- **Input for this task**:
-=-=-=-=-
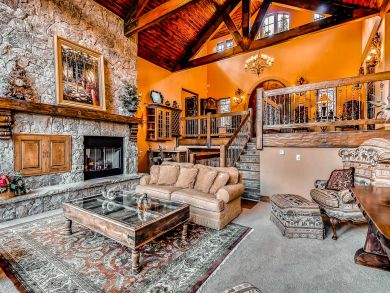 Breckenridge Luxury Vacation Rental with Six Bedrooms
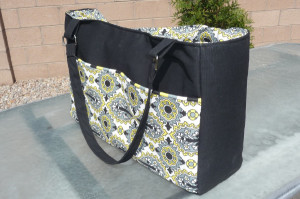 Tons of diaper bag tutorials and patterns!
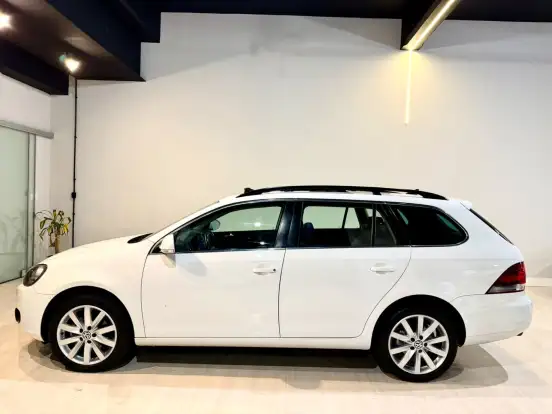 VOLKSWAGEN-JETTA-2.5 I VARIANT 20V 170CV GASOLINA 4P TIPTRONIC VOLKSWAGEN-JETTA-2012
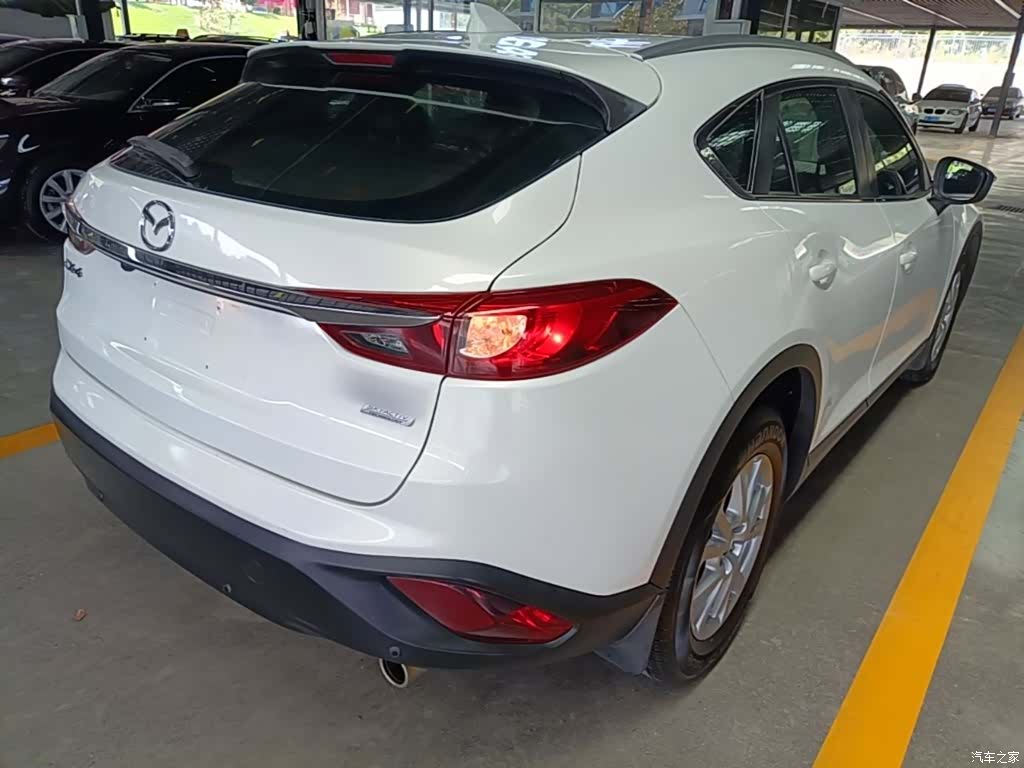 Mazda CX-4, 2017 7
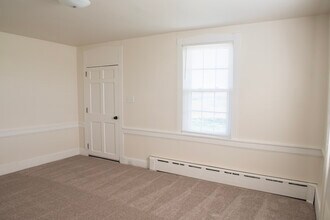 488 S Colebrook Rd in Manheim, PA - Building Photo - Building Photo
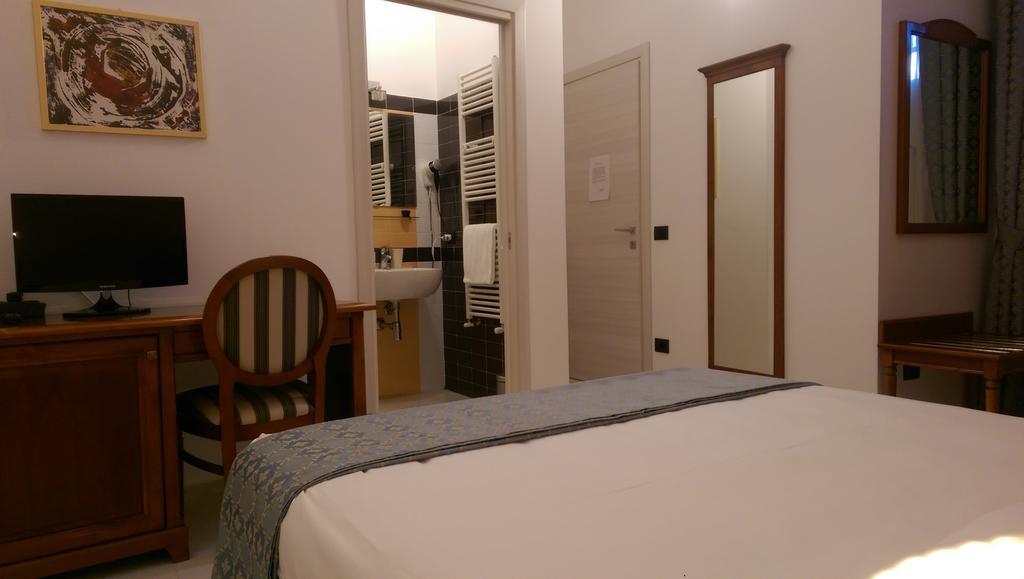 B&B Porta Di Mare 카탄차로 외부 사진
-=-=-=-=-
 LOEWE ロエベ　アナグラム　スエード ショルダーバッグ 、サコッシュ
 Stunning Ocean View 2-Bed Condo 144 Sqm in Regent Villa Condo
-=-=-=-=-
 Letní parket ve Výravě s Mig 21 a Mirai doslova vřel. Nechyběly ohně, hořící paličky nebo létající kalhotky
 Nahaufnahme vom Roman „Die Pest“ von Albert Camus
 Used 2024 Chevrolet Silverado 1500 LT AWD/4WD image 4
-=-=-=-=-
- **Action item**: Write out again exactly the lines above from the one with "Breckenridge Luxury Vacation" through the one with "B&B Porta Di Mare 카탄차로 외부 사진", adding no other lines and no pictures.

- **Solution**:
 Breckenridge Luxury Vacation Rental with Six Bedrooms
 Tons of diaper bag tutorials and patterns!
 VOLKSWAGEN-JETTA-2.5 I VARIANT 20V 170CV GASOLINA 4P TIPTRONIC VOLKSWAGEN-JETTA-2012
 Mazda CX-4, 2017 7
 488 S Colebrook Rd in Manheim, PA - Building Photo - Building Photo
 B&B Porta Di Mare 카탄차로 외부 사진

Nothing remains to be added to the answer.